5

In my program:

//Put this code in a separate header file.
struct _S1;
typedef struct {int unused;} * RETVAL;

typedef RETVAL (*MyFunc) (void* result, void* ctx, struct _P1* s);
typedef struct _S1 {
    struct _S1 *parent;
    MyFunc f1;
} S1;

//In cpp file, include the above header file.

I get the following warning:

warning: ‘_S1’ has a field ‘_S1::f1’ whose type uses the anonymous namespace [enabled by default]
 typedef struct _S1 {
            ^

What is the meaning of this warning? What is the result of this warning in my code? How to get rid of this warning?

I am compiling on gcc on Linux.

7
  • 2
    I get no errors on GCC 4.9, it might be a bug in whatever version you're using unless the error is related to the context in which you're using it. Also _S1 is a reserved identifier, and you don't need to typedef struct in c++. Commented Jul 25, 2014 at 4:43
  • 1
    Looks like an old bug, what version of GCC are you using? Commented Jul 25, 2014 at 4:48
  • @user657267: Sorry for the inconvenience, see the edit. This code must reproduce the warning. Commented Jul 25, 2014 at 4:55
  • No warnings here, even with -Wall -Wextra -Wpedantic, again what version of GCC are you using? Run g++ -v. Commented Jul 25, 2014 at 4:57
  • @user657267 I do see the warning, with the exact code in the question now, with GCC versions 4.5.4, 4.6.4, 4.7.4, 4.8.3, 4.9.1, no special warning flags needed. If you don't, I suspect either your GCC is really old, or you're missing something important in your test. Commented Jul 25, 2014 at 5:02

1 Answer 1

7

The fact that you put your type definitions in a header strongly suggests that you want multiple source files to use that header, and to use those types.
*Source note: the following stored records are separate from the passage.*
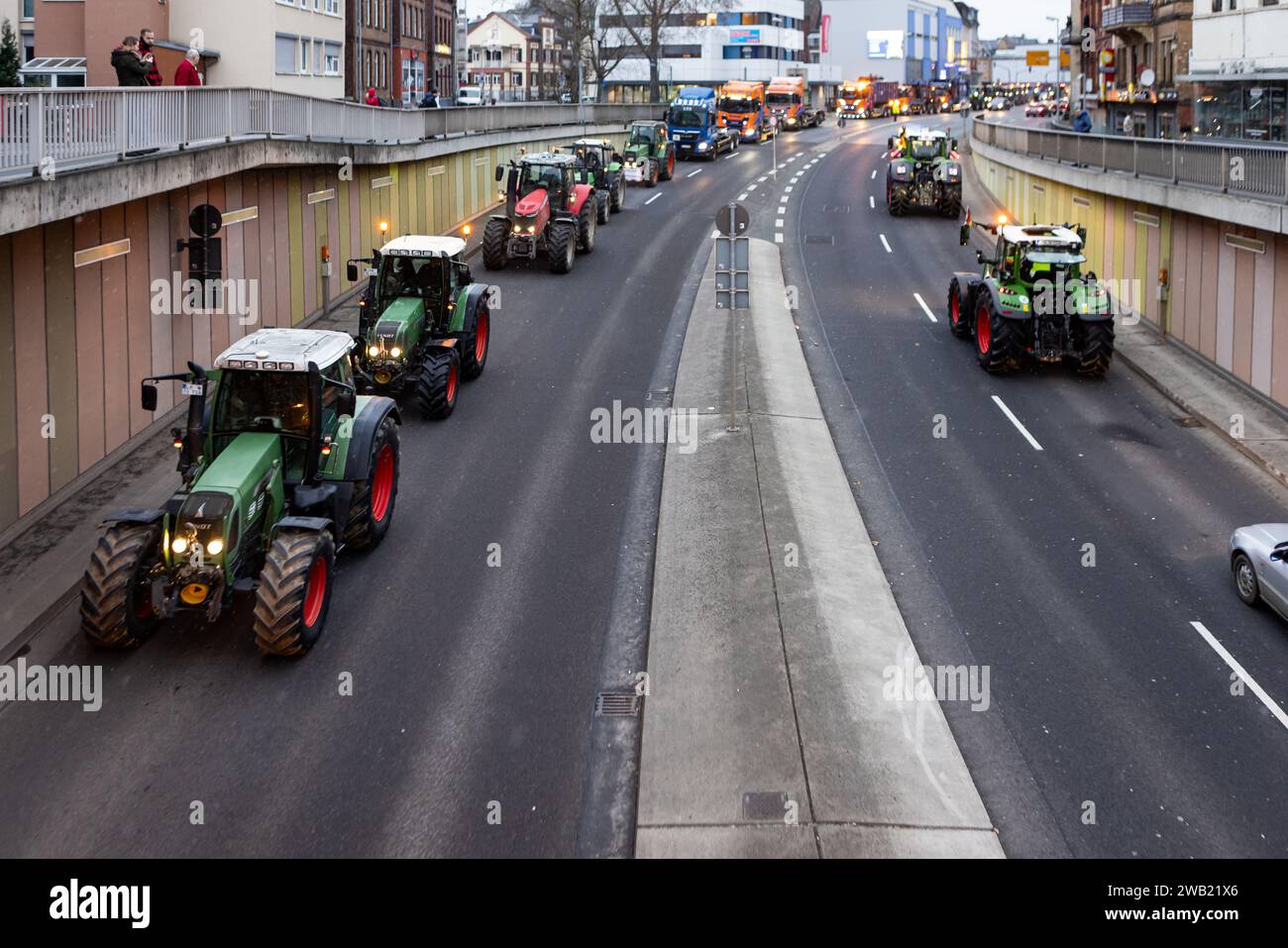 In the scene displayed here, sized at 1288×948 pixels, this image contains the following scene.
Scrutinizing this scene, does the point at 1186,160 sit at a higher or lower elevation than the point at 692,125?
lower

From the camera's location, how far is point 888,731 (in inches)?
428

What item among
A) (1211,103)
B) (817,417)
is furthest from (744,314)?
(1211,103)

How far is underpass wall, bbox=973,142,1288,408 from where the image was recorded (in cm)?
2106

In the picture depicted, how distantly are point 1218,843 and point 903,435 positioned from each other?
11098 millimetres

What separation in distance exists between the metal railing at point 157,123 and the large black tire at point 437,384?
4.72 m

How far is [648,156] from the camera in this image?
52.3m

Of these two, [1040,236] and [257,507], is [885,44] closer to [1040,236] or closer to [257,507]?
[1040,236]

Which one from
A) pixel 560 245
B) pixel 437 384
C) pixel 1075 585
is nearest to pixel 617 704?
pixel 1075 585

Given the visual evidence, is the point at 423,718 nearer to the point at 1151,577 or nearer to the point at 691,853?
the point at 691,853

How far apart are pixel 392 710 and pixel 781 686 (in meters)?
3.48

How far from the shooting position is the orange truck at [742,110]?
74500mm

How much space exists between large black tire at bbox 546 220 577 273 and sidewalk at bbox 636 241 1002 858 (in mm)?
13538

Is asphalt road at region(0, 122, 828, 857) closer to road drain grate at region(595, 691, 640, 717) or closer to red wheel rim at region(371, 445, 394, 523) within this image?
road drain grate at region(595, 691, 640, 717)

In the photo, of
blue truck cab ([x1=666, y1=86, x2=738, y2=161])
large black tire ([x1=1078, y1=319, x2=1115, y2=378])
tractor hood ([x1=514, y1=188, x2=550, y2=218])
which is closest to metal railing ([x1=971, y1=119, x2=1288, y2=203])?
large black tire ([x1=1078, y1=319, x2=1115, y2=378]) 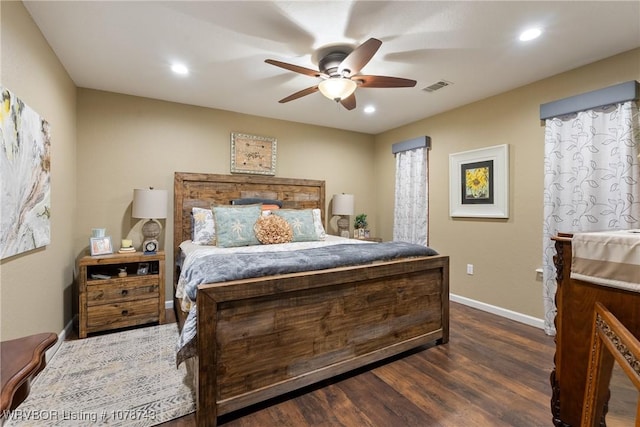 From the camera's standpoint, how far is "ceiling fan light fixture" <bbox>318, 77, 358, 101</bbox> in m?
2.30

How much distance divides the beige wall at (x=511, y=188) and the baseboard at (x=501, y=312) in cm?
5

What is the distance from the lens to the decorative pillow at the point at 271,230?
2.96m

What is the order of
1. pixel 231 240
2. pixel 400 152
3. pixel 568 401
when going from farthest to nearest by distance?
pixel 400 152 → pixel 231 240 → pixel 568 401

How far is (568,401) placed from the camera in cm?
138

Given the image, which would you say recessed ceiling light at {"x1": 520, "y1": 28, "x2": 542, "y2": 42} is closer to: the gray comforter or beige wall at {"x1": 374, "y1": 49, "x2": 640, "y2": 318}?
beige wall at {"x1": 374, "y1": 49, "x2": 640, "y2": 318}

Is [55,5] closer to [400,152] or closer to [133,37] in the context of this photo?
[133,37]

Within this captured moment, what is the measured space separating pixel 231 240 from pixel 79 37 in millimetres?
1974

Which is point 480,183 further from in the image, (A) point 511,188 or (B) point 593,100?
(B) point 593,100

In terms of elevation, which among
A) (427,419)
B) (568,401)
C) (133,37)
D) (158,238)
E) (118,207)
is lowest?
(427,419)

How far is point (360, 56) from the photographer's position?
201 cm

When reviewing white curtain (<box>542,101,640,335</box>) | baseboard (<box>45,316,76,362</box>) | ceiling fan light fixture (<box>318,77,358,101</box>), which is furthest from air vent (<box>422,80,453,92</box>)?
baseboard (<box>45,316,76,362</box>)

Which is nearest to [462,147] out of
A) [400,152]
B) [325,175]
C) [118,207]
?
[400,152]

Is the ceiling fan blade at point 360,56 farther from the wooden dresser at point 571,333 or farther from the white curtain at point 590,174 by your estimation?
the white curtain at point 590,174

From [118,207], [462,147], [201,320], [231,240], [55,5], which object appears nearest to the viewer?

But if multiple source files include that header, they each get their own version of RETVAL, because of the anonymous struct you're using. Yet at the same time, _S1 would be the same type across all source files. That's not possible.

Traditional compilers don't care about this: they don't perform whole-program optimisations. More modern compilers do, and they need to be able to tell whether two type definitions are really the same type. In order for them to be able to tell, your code has to be very accurate.

The simplest solution is to give your anonymous struct a name. A named struct is the same type across all source files, and so is a pointer to a named struct.